>>>

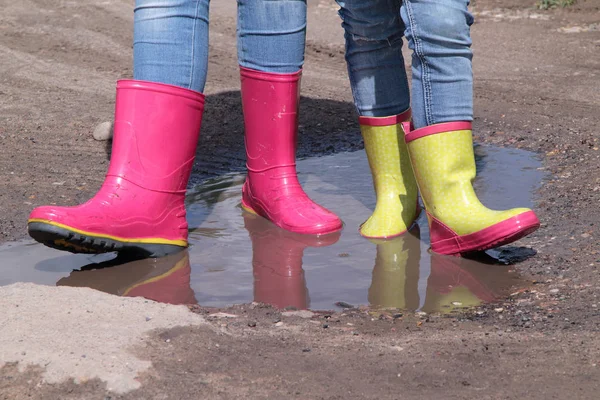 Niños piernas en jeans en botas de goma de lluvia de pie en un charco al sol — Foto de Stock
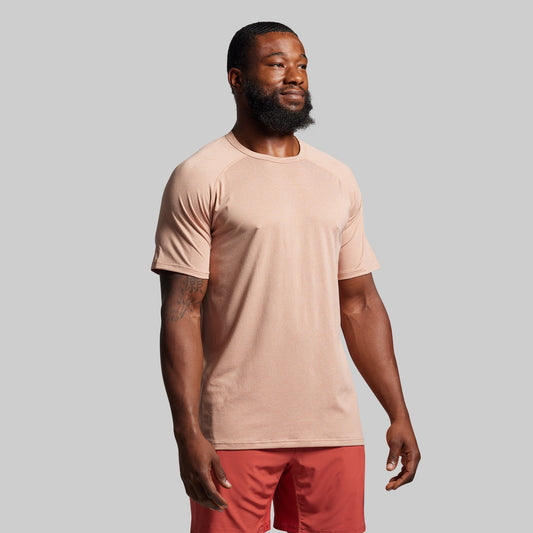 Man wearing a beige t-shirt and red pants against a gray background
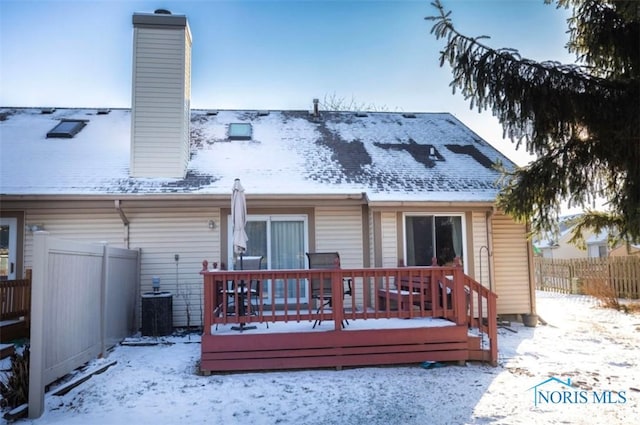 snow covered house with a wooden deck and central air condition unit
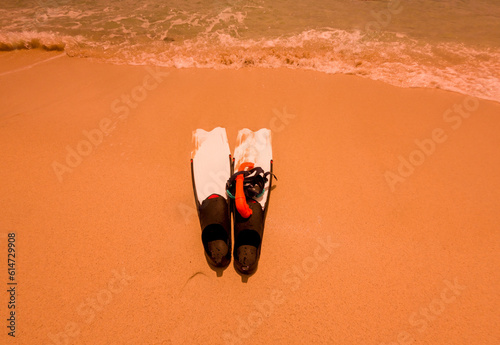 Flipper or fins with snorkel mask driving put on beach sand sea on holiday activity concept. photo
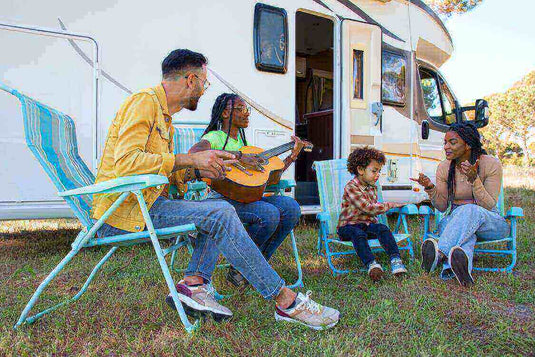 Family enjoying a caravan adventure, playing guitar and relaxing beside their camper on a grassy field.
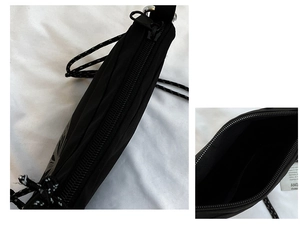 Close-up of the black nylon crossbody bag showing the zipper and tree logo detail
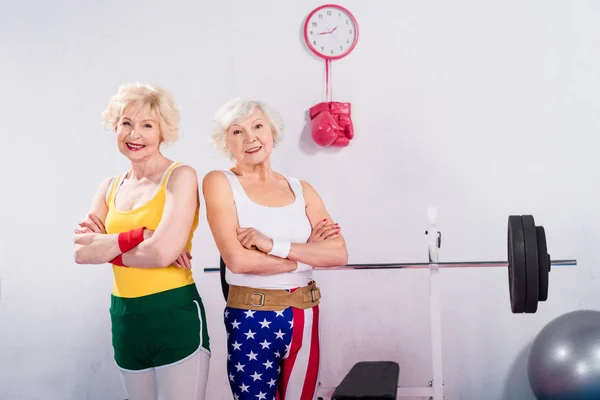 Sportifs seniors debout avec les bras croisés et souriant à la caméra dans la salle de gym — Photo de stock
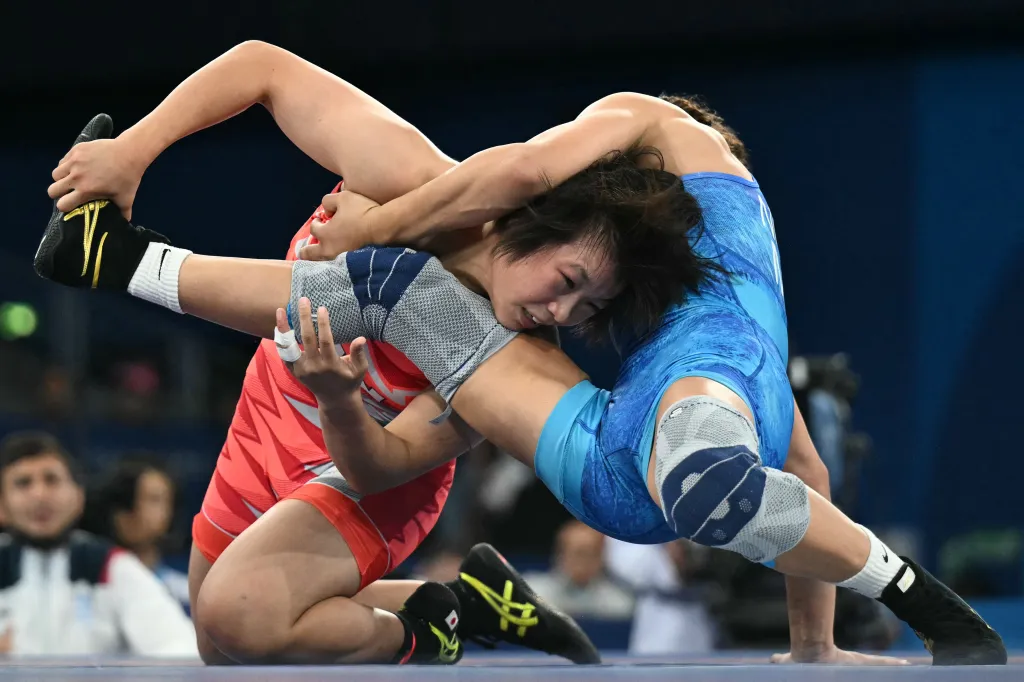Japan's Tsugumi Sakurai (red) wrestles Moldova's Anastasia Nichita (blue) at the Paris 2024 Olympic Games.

<<<

**Task to carry out:** All that is wanted is the lines above between the one containing "Man wearing a" and the one containing "Flipper or fins", inclusive, restated word for word, with pictures omitted.

**Answer for the task:**
 Man wearing a beige t-shirt and red pants against a gray background
 snow covered house with a wooden deck and central air condition unit
 Flipper or fins with snorkel mask driving put on beach sand sea on holiday activity concept. photo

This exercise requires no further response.